So, just what is the market thinking?
Despite the difficulties surrounding the estimation of earnings and cash flows, the market seems to have settled on a premium for Keurig Green Mountain, albeit framed in the volatility that this stock seems to enjoy as a popular momentum play. I believe that the group wisdom of institutional and retail investors isn't, for the moment, hyperfocused on future revenues and cash flows. Instead, the market is grappling with the concept of intrinsic value -- that is, what a company is actually worth when you factor in everything: tangible and intangible assets, long-term debt, operational efficiencies, market opportunity, competitive advantages or weaknesses, and the like. 

More specifically, I believe the market is zeroing in on the following question: What's the value of Keurig Green Mountain's ability to stamp the world's most valuable beverage brand, estimated to be worth $79 billion, on the lid of the cup that will house the ingredients and formula to issue forth a cold, effervescent, refreshing glass of Coke?

In this instance, Keurig Green Mountain's future cash flows are being sprinkled with the pixie dust of the Coca-Cola brand. It's an eye-opening event, as we rarely get to watch the power of a valuable brand quantified in this way.
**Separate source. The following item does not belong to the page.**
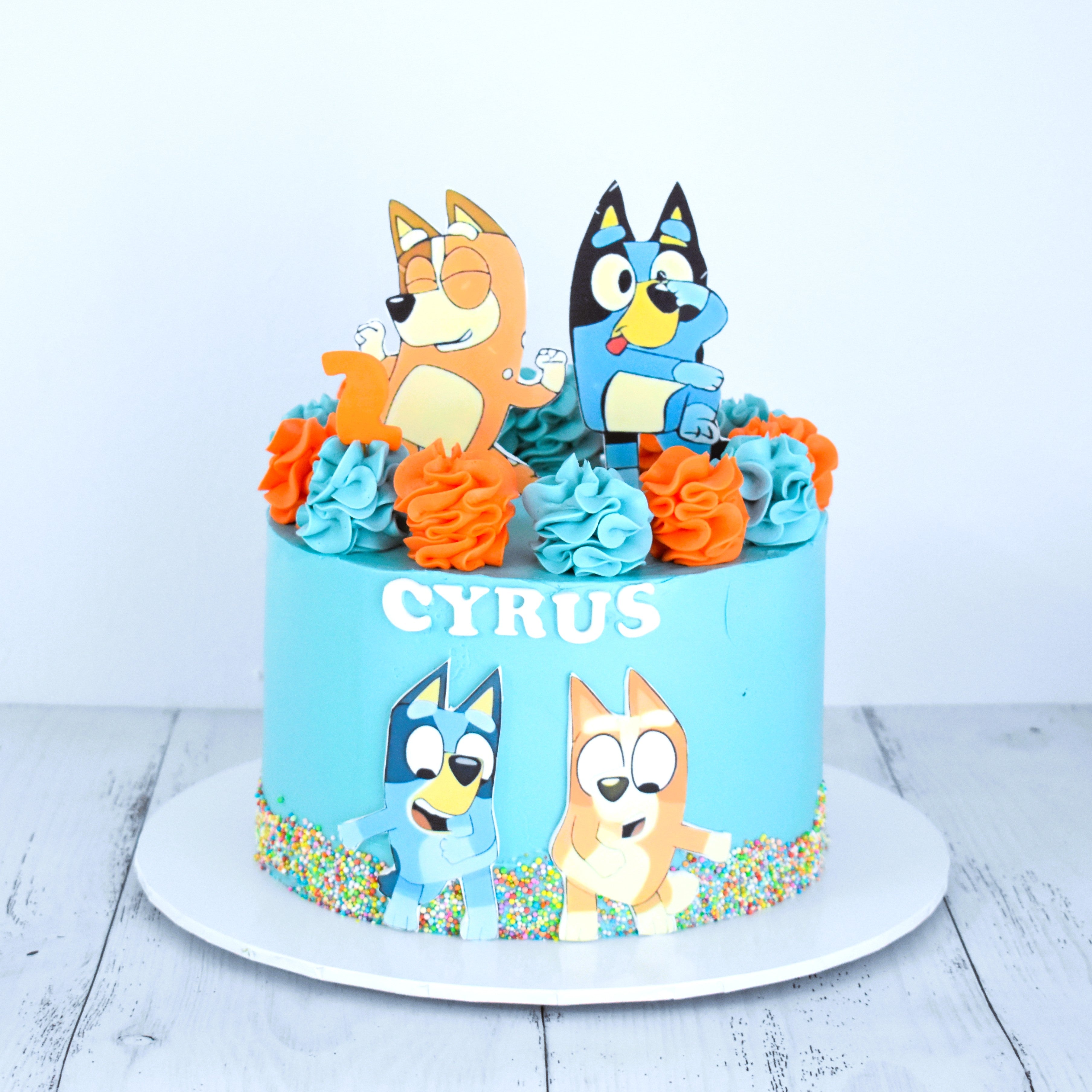 Bluey Cake - Dancing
In his classic investment treatise The Intelligent Investor, Benjamin Graham eloquently described a certain valuation conundrum not far removed from that which Green Mountain finds itself in after the Coke investment:

The whole structure of stock market quotations contains a built-in contradiction. The better a company's record and prospects, the less relationship the price of its shares will have to their book value. But the greater the premium above book value, the less certain the basis of determining its intrinsic value -- i.e., the more this "value" will depend on the changing moods and measurements of the stock market.

You could apply this reasoning to many a highly valued company in the equity markets today, but it seems to make sense in a situation like this, where Green Mountain's prospects are bright, but its share price has really disconnected from book value. We're used to seeing this phenomenon in technology stocks like LinkedIn, less so for manufacturers of consumer goods. 

So, is the stock price of Keurig Green Mountain overvalued or undervalued? Most likely, it's neither, meaning that the stock is fairly valued and the roughly 20% premium at which it trades today, versus life before Coke, represents the market's best guess of the intrinsic value and power of the Coke trademark in Keurig Green Mountain's hands.

This premium is adjusting in real time, every day, and will continue to get adjusted with each earnings report, even before the release of Keurig Cold, but more significantly after, when the first pods hit the shelves and data starts to trickle in. At that point, it will be time to grab another envelope on the way to your armchair.